(Exercise goal) Take the lines below beginning at the line that has "Map showing a" and stopping after the line that has "Engage in thrilling", and print them exactly as they are, with no other lines.

(Data supplied)
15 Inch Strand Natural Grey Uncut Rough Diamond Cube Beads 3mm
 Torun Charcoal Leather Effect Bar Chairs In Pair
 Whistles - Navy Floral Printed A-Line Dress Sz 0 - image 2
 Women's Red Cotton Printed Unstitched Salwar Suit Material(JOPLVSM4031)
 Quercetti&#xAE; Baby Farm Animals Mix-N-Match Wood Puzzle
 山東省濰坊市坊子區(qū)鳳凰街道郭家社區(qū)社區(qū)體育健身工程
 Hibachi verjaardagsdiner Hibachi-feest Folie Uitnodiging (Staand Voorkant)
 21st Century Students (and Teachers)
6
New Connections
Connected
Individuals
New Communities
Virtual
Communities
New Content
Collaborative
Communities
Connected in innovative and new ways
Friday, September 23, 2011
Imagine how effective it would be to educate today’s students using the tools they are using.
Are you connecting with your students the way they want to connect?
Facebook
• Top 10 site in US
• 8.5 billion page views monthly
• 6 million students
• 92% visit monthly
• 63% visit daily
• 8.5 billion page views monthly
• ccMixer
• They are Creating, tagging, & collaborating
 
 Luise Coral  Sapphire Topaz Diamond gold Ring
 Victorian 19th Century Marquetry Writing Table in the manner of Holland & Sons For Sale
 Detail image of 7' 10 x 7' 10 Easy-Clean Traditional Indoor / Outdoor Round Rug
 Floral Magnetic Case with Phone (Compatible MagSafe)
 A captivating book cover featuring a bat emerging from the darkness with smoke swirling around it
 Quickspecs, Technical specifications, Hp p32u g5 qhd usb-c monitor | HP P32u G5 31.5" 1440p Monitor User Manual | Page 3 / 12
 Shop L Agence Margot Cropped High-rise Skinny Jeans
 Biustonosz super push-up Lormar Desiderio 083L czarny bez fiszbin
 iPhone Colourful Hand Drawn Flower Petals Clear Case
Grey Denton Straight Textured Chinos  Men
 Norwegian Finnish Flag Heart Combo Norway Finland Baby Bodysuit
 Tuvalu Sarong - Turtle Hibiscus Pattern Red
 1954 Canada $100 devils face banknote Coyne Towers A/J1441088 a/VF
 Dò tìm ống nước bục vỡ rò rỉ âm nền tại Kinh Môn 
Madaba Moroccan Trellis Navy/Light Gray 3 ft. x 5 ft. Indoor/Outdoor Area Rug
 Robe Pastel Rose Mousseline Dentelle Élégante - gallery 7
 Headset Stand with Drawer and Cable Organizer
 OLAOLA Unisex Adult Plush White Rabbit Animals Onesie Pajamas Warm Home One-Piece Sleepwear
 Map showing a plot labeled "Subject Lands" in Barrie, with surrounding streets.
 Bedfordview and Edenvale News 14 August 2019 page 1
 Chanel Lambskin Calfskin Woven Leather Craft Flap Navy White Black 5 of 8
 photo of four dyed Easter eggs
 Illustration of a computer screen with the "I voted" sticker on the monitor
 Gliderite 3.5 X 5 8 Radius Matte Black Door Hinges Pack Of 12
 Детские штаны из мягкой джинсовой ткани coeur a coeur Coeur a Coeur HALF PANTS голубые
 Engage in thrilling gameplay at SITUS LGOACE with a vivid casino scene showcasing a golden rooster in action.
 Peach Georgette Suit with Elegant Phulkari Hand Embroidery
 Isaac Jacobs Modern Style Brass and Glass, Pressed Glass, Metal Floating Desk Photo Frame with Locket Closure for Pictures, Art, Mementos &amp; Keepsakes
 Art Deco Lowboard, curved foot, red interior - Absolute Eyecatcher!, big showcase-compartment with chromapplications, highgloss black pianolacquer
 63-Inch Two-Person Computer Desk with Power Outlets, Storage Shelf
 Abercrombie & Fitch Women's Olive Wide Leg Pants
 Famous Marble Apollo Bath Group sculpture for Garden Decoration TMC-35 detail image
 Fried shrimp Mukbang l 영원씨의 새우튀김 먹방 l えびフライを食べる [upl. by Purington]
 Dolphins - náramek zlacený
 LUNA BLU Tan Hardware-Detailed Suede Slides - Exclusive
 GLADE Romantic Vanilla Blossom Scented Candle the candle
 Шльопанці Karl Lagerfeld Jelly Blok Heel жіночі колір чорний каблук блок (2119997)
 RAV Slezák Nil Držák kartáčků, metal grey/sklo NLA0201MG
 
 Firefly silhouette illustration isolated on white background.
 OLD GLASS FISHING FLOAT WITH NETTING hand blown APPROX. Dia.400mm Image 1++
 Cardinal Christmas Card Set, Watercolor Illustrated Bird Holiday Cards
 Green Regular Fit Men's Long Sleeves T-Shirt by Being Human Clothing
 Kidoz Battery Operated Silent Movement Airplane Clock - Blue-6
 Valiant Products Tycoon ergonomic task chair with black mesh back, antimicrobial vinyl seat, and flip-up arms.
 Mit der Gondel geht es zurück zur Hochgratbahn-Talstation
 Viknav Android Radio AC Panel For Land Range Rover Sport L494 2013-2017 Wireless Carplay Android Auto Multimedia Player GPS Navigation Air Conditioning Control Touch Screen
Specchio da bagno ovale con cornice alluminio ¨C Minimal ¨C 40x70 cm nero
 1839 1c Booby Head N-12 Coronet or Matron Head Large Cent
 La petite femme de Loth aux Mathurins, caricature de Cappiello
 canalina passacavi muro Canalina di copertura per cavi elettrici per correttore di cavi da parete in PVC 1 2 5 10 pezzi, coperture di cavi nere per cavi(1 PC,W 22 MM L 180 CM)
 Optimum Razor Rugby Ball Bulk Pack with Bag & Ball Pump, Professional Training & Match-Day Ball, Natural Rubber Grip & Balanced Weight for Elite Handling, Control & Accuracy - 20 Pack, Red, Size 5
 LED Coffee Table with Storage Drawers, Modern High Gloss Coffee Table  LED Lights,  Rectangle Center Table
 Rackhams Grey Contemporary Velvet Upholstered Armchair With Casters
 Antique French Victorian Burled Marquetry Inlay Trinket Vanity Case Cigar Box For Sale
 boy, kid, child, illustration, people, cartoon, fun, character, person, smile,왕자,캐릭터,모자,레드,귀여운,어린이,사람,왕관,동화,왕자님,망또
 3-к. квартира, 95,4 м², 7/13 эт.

(Completed exercise)
 Map showing a plot labeled "Subject Lands" in Barrie, with surrounding streets.
 Bedfordview and Edenvale News 14 August 2019 page 1
 Chanel Lambskin Calfskin Woven Leather Craft Flap Navy White Black 5 of 8
 photo of four dyed Easter eggs
 Illustration of a computer screen with the "I voted" sticker on the monitor
 Gliderite 3.5 X 5 8 Radius Matte Black Door Hinges Pack Of 12
 Детские штаны из мягкой джинсовой ткани coeur a coeur Coeur a Coeur HALF PANTS голубые
 Engage in thrilling gameplay at SITUS LGOACE with a vivid casino scene showcasing a golden rooster in action.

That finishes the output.